After Mae has thrown the ball, the total momentum becomes

$mv + M \cdot (-V)$

By conservation of momentum, the total momentum must be the same in both cases, so we have

$mv-MV=0$

which we can rearrange to find

$V=\frac{m}{M}v$

## Question 2: Splitting the reaction mass

Mae’s bowling ball illustrates one way you can change your velocity in space: take a part of yourself, and push it away from the rest of you, making you accelerate in the opposite direction. The stuff you throw away is called reaction mass, because the reaction from pushing it away is what causes you to accelerate.

Rockets, however, do not launch all their reaction mass in one go, but release it over time in a steady stream. As a first step, let’s consider what happens if you release your mass bit by bit.

Mae goes on another spacewalk, and this time she’s joined by Valentina, who has the same mass as Mae, but has brought two bowling balls of mass $$\frac{m}{2}$$.

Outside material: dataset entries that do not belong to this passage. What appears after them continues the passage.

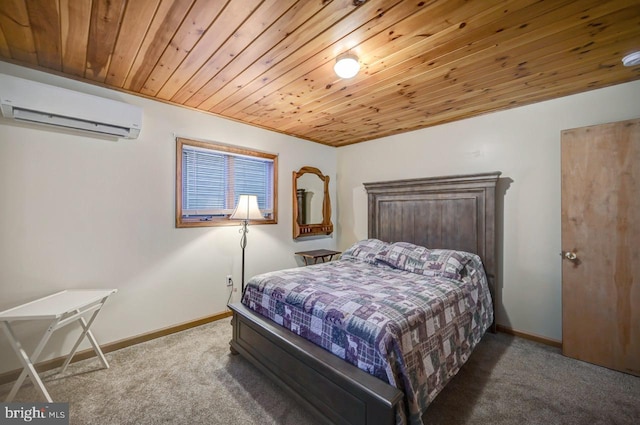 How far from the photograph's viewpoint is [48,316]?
1657 millimetres

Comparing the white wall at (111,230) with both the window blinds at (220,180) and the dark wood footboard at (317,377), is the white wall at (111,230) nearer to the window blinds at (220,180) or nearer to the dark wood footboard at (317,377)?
the window blinds at (220,180)

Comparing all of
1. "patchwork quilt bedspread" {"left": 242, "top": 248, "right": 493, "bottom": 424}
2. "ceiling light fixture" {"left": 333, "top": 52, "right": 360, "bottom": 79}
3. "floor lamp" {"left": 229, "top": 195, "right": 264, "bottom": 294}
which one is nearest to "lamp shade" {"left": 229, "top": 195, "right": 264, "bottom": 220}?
"floor lamp" {"left": 229, "top": 195, "right": 264, "bottom": 294}

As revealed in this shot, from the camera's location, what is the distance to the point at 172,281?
279cm

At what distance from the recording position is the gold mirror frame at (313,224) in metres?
3.89

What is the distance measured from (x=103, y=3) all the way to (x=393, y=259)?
2.96 m

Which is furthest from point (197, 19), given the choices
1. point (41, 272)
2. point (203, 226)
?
point (41, 272)

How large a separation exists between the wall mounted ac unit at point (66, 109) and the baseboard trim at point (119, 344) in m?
1.90

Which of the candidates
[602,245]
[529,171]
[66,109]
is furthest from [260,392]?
[529,171]

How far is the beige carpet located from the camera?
1.67 metres

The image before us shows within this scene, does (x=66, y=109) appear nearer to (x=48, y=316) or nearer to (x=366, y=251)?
(x=48, y=316)

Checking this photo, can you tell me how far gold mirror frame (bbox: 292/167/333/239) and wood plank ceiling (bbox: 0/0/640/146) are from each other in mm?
1388

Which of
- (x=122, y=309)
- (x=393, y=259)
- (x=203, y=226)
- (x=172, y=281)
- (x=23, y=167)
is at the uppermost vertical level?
(x=23, y=167)

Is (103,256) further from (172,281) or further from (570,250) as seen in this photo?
(570,250)

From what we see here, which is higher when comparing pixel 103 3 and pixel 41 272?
pixel 103 3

Mae once again has one large bowling ball, of mass $$m$$. Mae throws her bowling ball at speed $$v$$; Valentina throws both her bowling balls, first one then the other, both at speed $$v$$ relative to herself.

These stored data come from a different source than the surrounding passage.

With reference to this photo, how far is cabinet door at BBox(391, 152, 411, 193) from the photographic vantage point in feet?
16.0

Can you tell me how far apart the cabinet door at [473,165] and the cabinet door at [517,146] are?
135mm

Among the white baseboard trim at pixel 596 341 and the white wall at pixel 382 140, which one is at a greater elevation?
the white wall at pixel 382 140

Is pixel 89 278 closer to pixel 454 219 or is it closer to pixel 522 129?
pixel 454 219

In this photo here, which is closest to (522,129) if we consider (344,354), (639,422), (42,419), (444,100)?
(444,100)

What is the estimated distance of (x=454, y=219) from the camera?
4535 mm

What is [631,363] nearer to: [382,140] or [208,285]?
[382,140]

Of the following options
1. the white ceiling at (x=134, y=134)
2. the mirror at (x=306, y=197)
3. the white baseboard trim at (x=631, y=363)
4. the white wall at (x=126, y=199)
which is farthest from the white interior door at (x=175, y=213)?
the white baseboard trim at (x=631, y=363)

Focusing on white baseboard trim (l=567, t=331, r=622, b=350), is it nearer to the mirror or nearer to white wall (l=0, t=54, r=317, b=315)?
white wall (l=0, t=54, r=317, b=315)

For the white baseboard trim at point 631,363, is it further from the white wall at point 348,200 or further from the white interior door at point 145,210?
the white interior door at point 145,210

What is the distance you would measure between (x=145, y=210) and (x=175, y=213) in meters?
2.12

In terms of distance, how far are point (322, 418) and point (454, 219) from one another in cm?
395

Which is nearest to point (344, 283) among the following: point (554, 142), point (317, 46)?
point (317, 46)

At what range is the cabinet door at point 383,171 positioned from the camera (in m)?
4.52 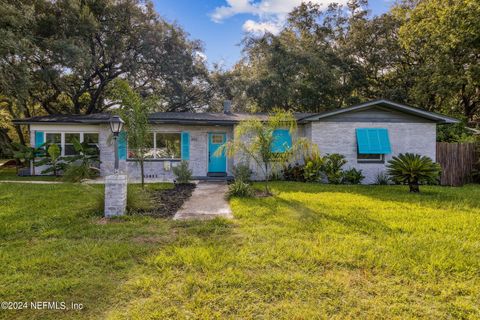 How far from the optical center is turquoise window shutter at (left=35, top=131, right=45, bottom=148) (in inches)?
489

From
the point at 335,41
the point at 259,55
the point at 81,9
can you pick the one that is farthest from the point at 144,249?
the point at 335,41

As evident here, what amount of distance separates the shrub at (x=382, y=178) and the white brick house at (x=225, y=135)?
0.18 meters

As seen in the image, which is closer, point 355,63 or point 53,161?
point 53,161

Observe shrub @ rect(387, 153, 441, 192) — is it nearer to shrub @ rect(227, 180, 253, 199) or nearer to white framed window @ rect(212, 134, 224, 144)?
shrub @ rect(227, 180, 253, 199)

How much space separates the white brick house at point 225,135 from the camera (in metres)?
11.5

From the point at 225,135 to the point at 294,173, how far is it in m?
3.78

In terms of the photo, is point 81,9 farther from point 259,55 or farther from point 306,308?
point 306,308

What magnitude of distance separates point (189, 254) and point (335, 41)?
23211 mm

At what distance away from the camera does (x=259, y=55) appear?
19609mm

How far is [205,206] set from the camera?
6.87 metres

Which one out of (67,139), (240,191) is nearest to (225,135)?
(240,191)

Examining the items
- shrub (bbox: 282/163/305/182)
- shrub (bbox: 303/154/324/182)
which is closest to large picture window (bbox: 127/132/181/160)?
shrub (bbox: 282/163/305/182)

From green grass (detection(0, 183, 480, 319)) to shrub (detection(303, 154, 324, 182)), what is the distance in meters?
4.84

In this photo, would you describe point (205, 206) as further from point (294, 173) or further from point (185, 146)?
point (185, 146)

Which of the two astronauts will be travelling faster after all these bowling balls have been thrown?

• Mae
• Valentina
• They will move at the same speed

(Hint: don’t try to calculate it in detail! But if you want to see the full solution, check the ‘extra details’ box in the solution.)

Solution

When Mae throws her ball, as before, she ends up at speed $$V=\frac{m}{M}v$$.

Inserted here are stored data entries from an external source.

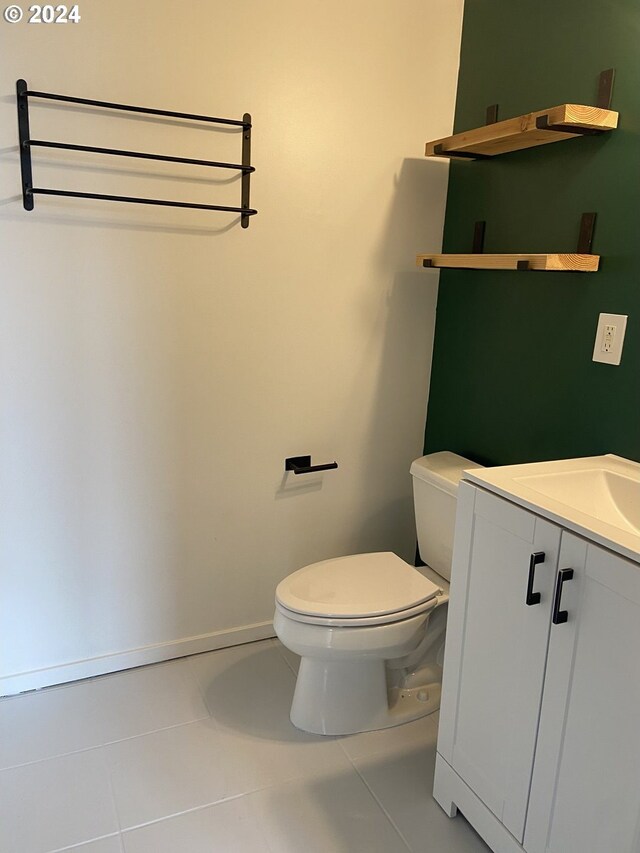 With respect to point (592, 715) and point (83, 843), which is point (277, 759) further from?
point (592, 715)

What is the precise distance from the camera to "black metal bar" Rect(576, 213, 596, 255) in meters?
1.79

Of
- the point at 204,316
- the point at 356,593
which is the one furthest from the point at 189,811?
the point at 204,316

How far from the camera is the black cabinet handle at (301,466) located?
239cm

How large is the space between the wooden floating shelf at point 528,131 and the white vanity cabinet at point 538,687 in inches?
37.8

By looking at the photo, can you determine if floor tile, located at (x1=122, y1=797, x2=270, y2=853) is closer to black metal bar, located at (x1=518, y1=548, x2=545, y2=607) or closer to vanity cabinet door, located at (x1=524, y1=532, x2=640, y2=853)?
vanity cabinet door, located at (x1=524, y1=532, x2=640, y2=853)

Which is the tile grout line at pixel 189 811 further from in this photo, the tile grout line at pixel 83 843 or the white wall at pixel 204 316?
the white wall at pixel 204 316

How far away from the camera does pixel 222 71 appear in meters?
1.99

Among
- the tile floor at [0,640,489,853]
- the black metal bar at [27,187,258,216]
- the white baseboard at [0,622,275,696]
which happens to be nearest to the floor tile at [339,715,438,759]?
the tile floor at [0,640,489,853]

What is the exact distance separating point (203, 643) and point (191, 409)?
87cm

When Valentina throws her ball, you might imagine that throwing a ball of mass $$\frac{m}{2}$$ would give her a speed $$\frac{V}{2}$$. This is true for the second ball she throws. But Valentina isn’t just pushing her own mass when she throws the first ball, but also the mass of the other ball. So she’ll gain less than $$\frac{V}{2}$$ speed from the first ball, and her total speed will be less than $$V$$.

For that reason, Mae will end up travelling faster.

Extra details

We can work out exactly how fast Valentina is going. After she throws the first ball, we’ll say she has speed $$V_1$$. We conserve momentum as before, but this time the ball thrown has mass $$\frac{m}{2}$$, while the mass of Valentina and the second ball together is $$M+\frac{m}{2}$$. This means we get

$\frac{m}{2}v-\left(M+\frac{m}{2}\right)V_1=0$

so after the first ball, Valentina has speed

$V_1=\frac{m}{2M+m}v=\frac{1}{1+\frac{m}{2M}}$

We can then transform to Valentina’s rest frame, and do the same calculation we did for Mae. So we find, in this new frame, which is moving with speed $$V_1$$ relative to the original, Valentina has speed

$V_2'=\frac{m}{2M}v$

Working out her total speed requires us to crunch a bunch of algebra. To simplify, let’s define $$x=\frac{m}{2M}$$. Then,

\begin{align} V_1&=\frac{1}{1+x}v \\ V_2'&=xv \end{align}

Then, to find her total speed in the original frame, we transform back:

\begin{align} V_2&=V_2' + V_1 \\ &= \left(\frac{1}{1+x}+x\right)v \\ &= \left(\frac{1+x+x^2}{1+x}\right)v \\ &= \left(\frac{1+x+x^2}{2x(1+x)}\right)V \end{align}

where $$V=2xv$$ is the speed of Mae.

The fraction $$\frac{1+x+x^2}{2x(1+x)}$$ diverges as $$x$$ approaches zero, but gets closer and closer to $$\frac{1}{2}$$ as $$x=\frac{m}{2M}$$ increases. This tells us that, as $$m$$ increases compared to $$M$$, Valentina’s speed ends up growing parallel to half of Mae’s speed.

In the specific case where Mae’s bowling ball is the same mass as her, $$M=m$$, we find Mae is going $$20\%$$ faster than Valentina.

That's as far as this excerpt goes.